# DATA TO EXAMINE:
-=-=-

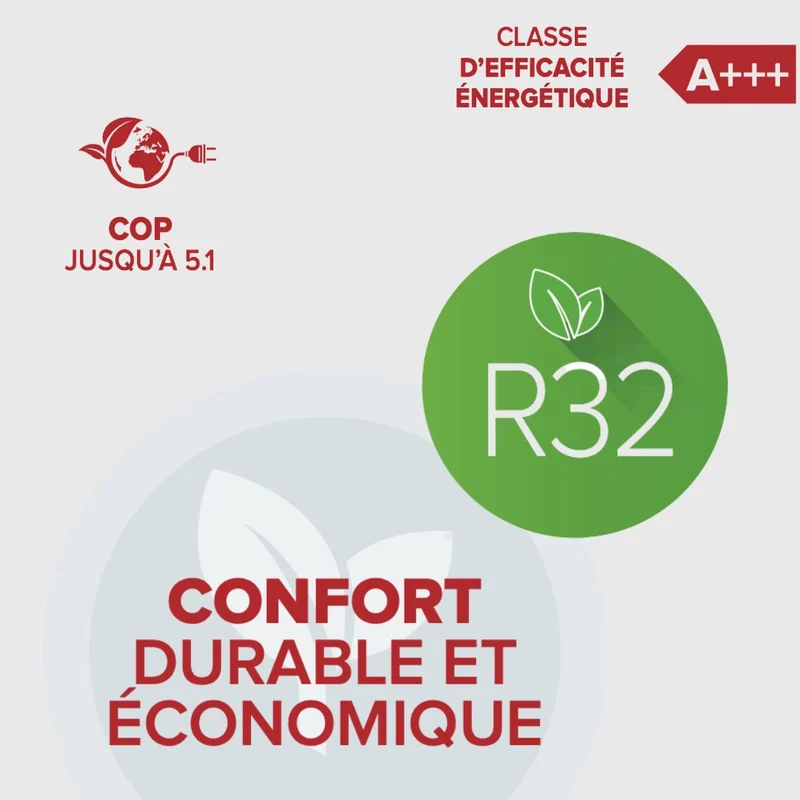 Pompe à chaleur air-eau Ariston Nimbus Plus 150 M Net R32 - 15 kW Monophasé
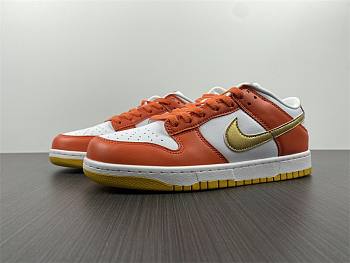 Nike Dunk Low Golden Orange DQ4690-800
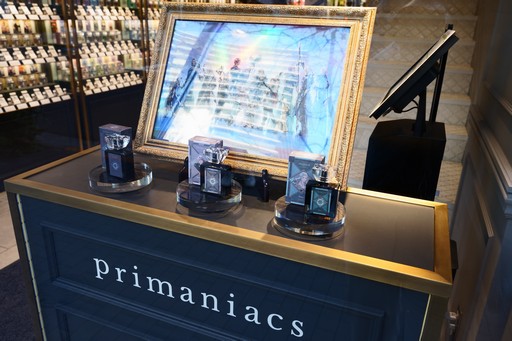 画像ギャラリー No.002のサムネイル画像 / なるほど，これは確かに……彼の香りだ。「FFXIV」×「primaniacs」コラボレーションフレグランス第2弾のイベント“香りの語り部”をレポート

-=-=-

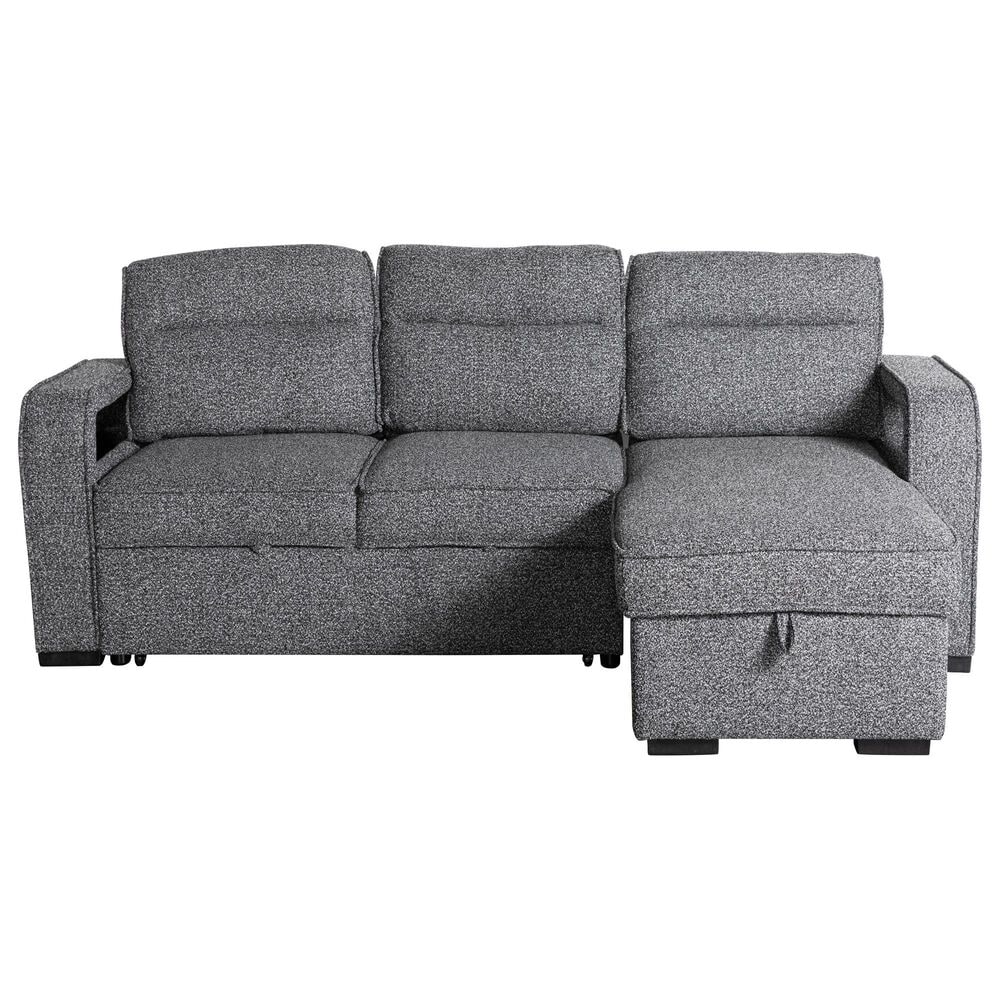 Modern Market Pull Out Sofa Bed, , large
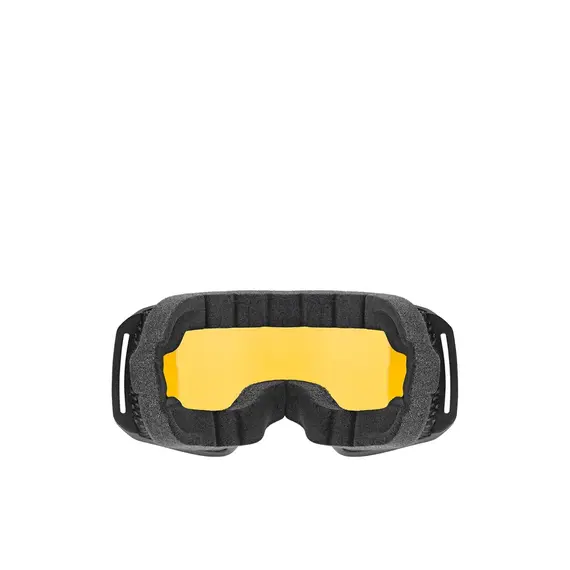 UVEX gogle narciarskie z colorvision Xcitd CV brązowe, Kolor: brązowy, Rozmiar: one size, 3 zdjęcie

-=-=-

Starting with the line that has "Modern Market Pull Out Sofa Bed, , large" and going on through the line that has "UVEX gogle narciarskie", transcribe the records above exactly, but skip the pictures.

# ANSWER TO THIS EXERCISE:
 Modern Market Pull Out Sofa Bed, , large
 UVEX gogle narciarskie z colorvision Xcitd CV brązowe, Kolor: brązowy, Rozmiar: one size, 3 zdjęcie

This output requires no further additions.